I think it’s worth mentioning that the author went out of his way to preserve the beauty of his pixel art by including the option to triple the size of each pixel, rather than rely on the faulty scaling of an LCD screen. I’ve had to play too many beautiful pixel-centric games (Cave Story, Knytt Stories, etc.) that are partially ruined by either being far too small to play in a window, or when played in full screen, force an LCD monitor to adopt a non-native resolution, resulting in a blurry image in an incorrect aspect ratio. LCD’s are great at adapting to lower-resolution video, but terrible at rendering pixel-perfect images at anything but their native resolutions.
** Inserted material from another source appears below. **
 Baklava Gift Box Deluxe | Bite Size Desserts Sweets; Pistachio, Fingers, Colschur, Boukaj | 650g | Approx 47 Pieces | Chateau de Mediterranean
that’s the issue with calamity annie, in fact. since game maker upscales images to be horribly blurry, i manually resized every piece of art in the game to maintain its crispness, making the file size huge.
derek’s found a script that resizes the pixels without making them blurry, and i’m considering borrowing it for annie, though i’m not sure if it will play nice with the mouse controls.
You don’t need scripts, just adjust view_wport to be view_wview*2 and view_hport to be view_hview*2 for double pixels.
At least that’s how I think I made it in some of my older projects :)
…but better adjust the view-port settings from the room editor.
Anyways, I really enjoyed this game, I’ve always wanted to play a good platformer with random-generated levels ^^
that’s even worse! things aren’t resized correctly so “pixels” end up out of proportion, and there are seams between the tiles!
well, using the same script derek used on spelunky: it looks as though the mouse works fine.
which means that if i can work up the nerve to reinsert all of the graphics into the game and divide all the numbers by four, we’ll have a version of calamity annie that will run without memory issues on many more people’s computers.
Yeah, and it doesn’t draw lines correctly… why didn’t they make it work better?!
BTW, how does the script you’re talking about work? It draws everything in a surface and then draws the surface stretched?
that’s exactly how it works, yes.
Ohmygosh, thanks for pointing this out. You’ve made my week.
I agree that using gameplay to navigate menus is a nice touch, but it’s the interactive stores that really make it for me. (Maybe it just warms my evil little heart to be able to blow up shopkeepers and steal their goods…)
and thank you for your stone soup tiles! now i will probably try stone soup for the first time.